Sunday, June 13, 2010

Moose and ice berg inspiration

Now I have been back for a couple of weeks but still think daily about the fairytale trip we had in Newfoundland.

There are lots of people who haven't seen all my photos yet and I often go in to check on them myself for the joy of revisiting a most pleasant and peaceful spot.
We went iceberg hunting, well, shooting , iceberg camera shooting - and had fun, here are a few ice-floats in a small inlet we happened into on the Saturday night before we headed for the Norseman to have a most delicious supper.
Peaceful little floats, just sitting there in the freezing water, leaving me thinking, geezz I am glad I am not out there in the water with them.

Two young women who also stayed at the B&B we were at said, with a grin, that by the way, icefloats are very, very slippery.
I guess one of them had wanted to jump aboard one close to the beach and .....  had landed in the water, I don't think she ended up being completely submerged and she did live to tell the story. Slippery they are and cold it was!



As we continued down the road to the Norseman we suddenly were partial to a most beautiful vista - the sky was heavy and grey and dusk was drawing near but..... right out there on the bay, at the end of the road, exactly in the direction we were going was a line of light, a ray of light, whatever the expression is, light was there and ..... in the middle of the light was a most majestic iceberg, or rather the outline of a most majestic iceberg.

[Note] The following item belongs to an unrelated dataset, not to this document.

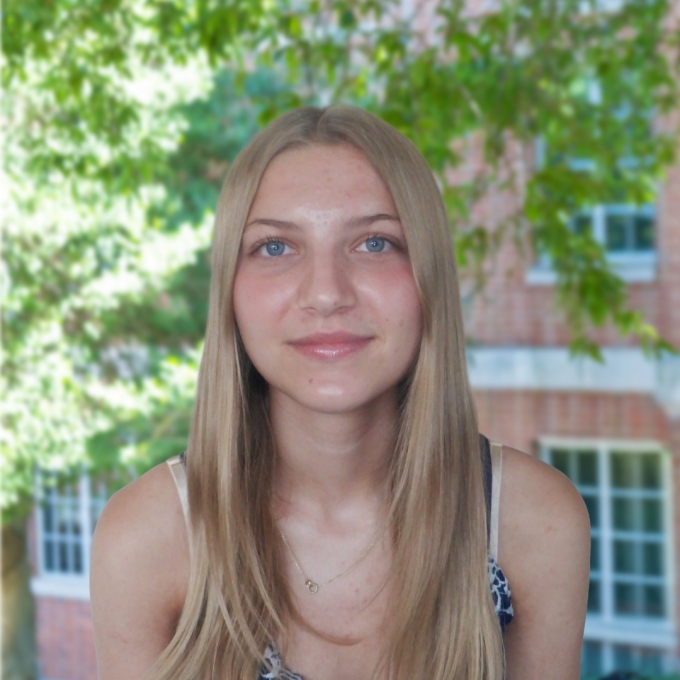 A smiling woman with long, straight blonde hair and light blue eyes wears a simple necklace in front of soft green foliage and a brick building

It was rather enormous, we were far away and could still see it. It just sat there and sat, I guess an exercise which icebergs do very well. 
One could get inspired looking at those large chunks of fresh water sitting or floating along as the oceans bid them.


Talking about inspiration, several years ago an acquaintance worked long and hard on shearing a moose hide which a friend of his had given him after a hunt.
He was very intrigued about all the fibre you find on a moose skin and was kind enough to  donate the fibre to me and some other very twisted and needle sharp individuals.




Driving in Newfoundland gave me ample opportunity to look at the beautiful shapes, textures and colours of moose in general and I have once again started thinking about what I can do with the fibre which I have not yet used up.





The moose were reserved, shy and curious all at the same time.

We met a couple one night late when coming out of the sauna, they just stood there, in the yard, taking their time deciding whether to move along or not. As we moved  to our cabin a fox trotted briskly along the road, on her way to ..... another meal somewhere.

The two moose here were taken at the same time as the two running ones above, right at dusk before supper.







I still haven't made up my mind what kind of creation the moose and the bag of moosefibre in the barn will move me to when I get to it, but I will share with you, what my friend Angela felt urged to use her share for.

Bird on a moose hair nest
     Moosey Porcupine



Both of these pieces precisely and effectively utilizing the hairy stiffness and look of the moose fibre from the black garbage bag in my barn.